MUSIC REVIEW : Baritone Dean Elzinga Resounds in Stotsenberg Recital Series

There was excitement and joy in the eyes of baritone Dean Elzinga Sunday afternoon in Raitt Recital Hall at Pepperdine University. It was almost as if he couldn't believe he had this voice--big, resilient, resounding--and couldn't wait to show it off.

He was musical about it though. He's not just a belter. In opening the third season of the Stotsenberg Recital Series with a program of songs by Schubert, Vaughan Williams, Brahms and Ravel, the young Los Angeles resident showed communicative and technical abilities to reckon with.
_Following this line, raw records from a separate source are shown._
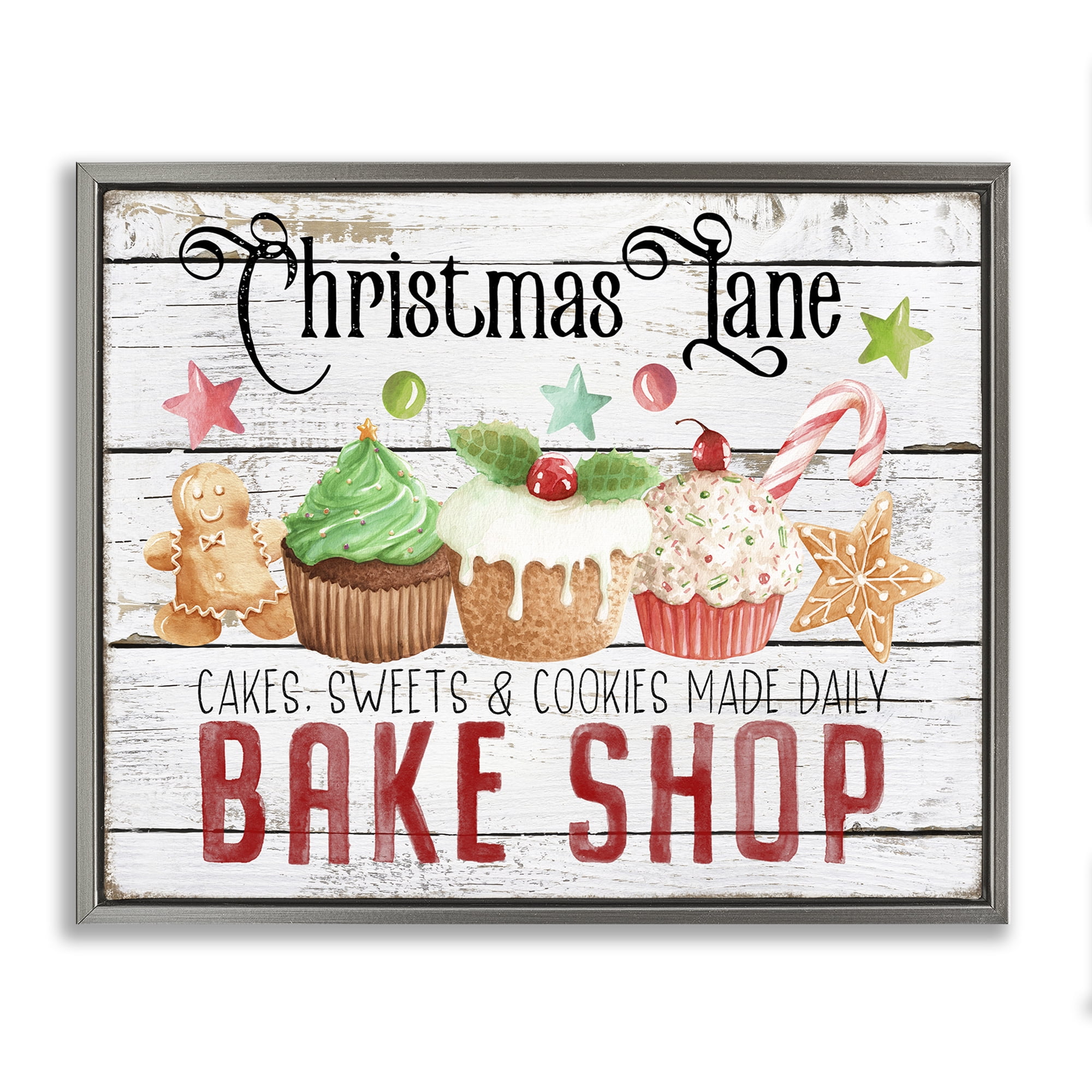 Stupell Industries Christmas Lane Bake Shop Holiday Painting Gray Floater Framed Canvas Art Prints Wall Art, 21 x 17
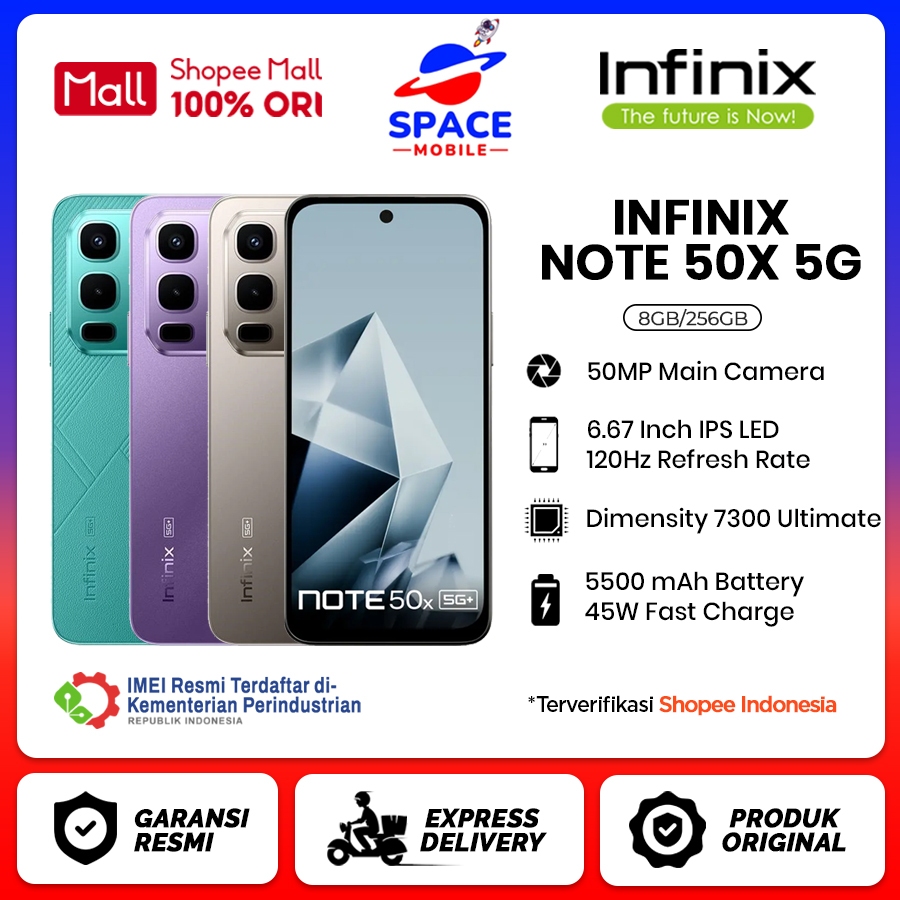 Infinix Note 50X 5G [8GB+256GB] - Garansi Resmi 1 Tahun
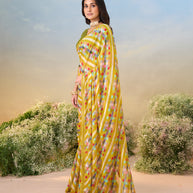 Laxmipati Anaya Mustard Georgette Saree with Checkered Prints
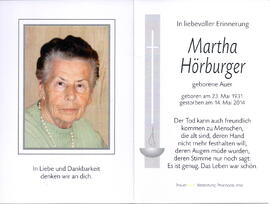 Hörburger Martha geborene Auer, 1931 - 2014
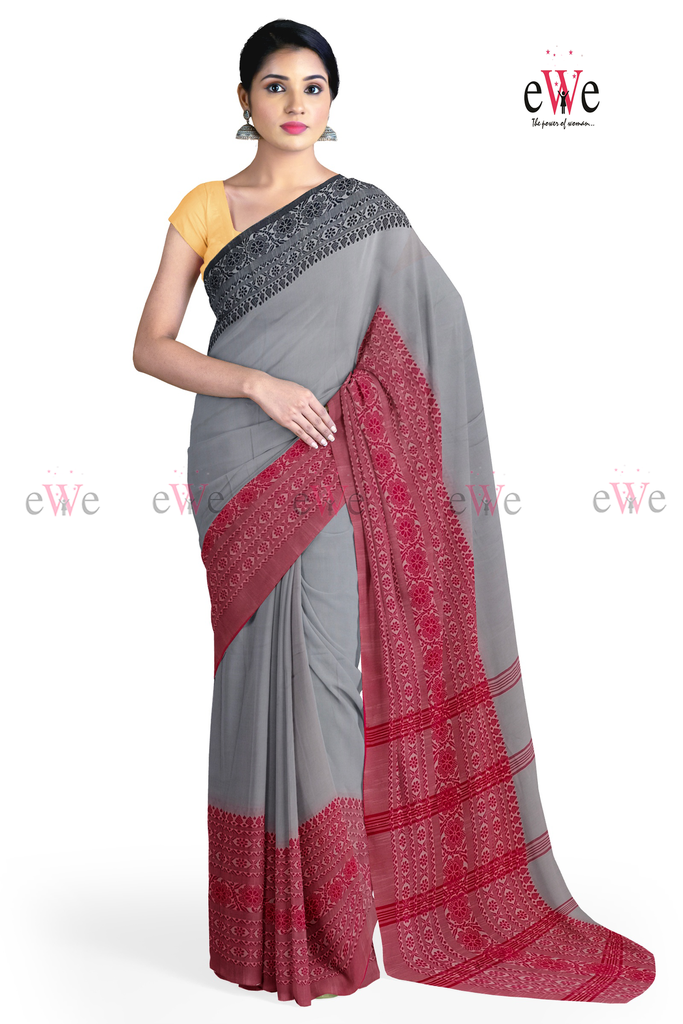 Ash, Rose &amp; Black Begampuri Saree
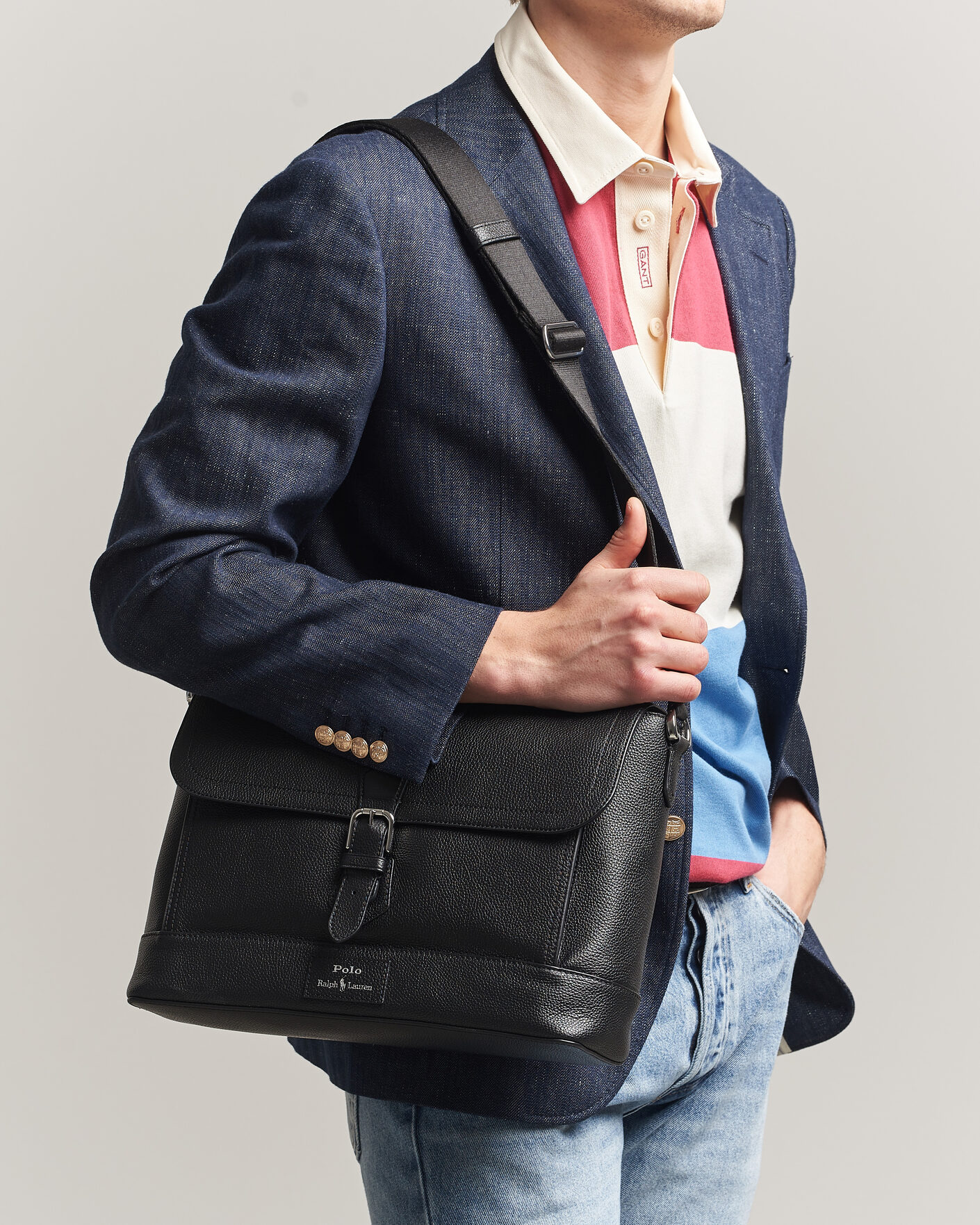 Polo Ralph Lauren Pebble Leather Messenger Bag Black at CareOfCarl.com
That his voice and sometimes his actions weren't always calibrated to the small confines mattered little, because he did accomplish softness, nuance and insight as well. His low notes really popped at quieter levels; his highs were reached without shift or strain. And besides, his fortes were pretty thrilling, even if eardrum rattling.

The three Italian songs of Schubert to words of Metastasio that opened the program aren't exactly filled with subtle psychological coloring anyway. He sang them robustly and fluently, broadly underlining their sentiment, melodrama and wit.

Vaughan Williams' "Songs of Travel" (using poems of Robert Louis Stevenson) provided the recital's most satisfying sequence. With William Vendice his ever trenchant accompanist, Elzinga attended closely to word and meaning, sang with sweetness, silkiness and evenness of tone, while never straying too far from the heartiness and simplicity of these songs.

Brahms' "Vier ernste Gesange" and Ravel's 'Don Quichotte a Dulcinee" wound up the printed agenda. Extroverted accounts of Leigh's "I, Don Quixote" and the "Catalog" Aria from "Don Giovanni" were heard in encore.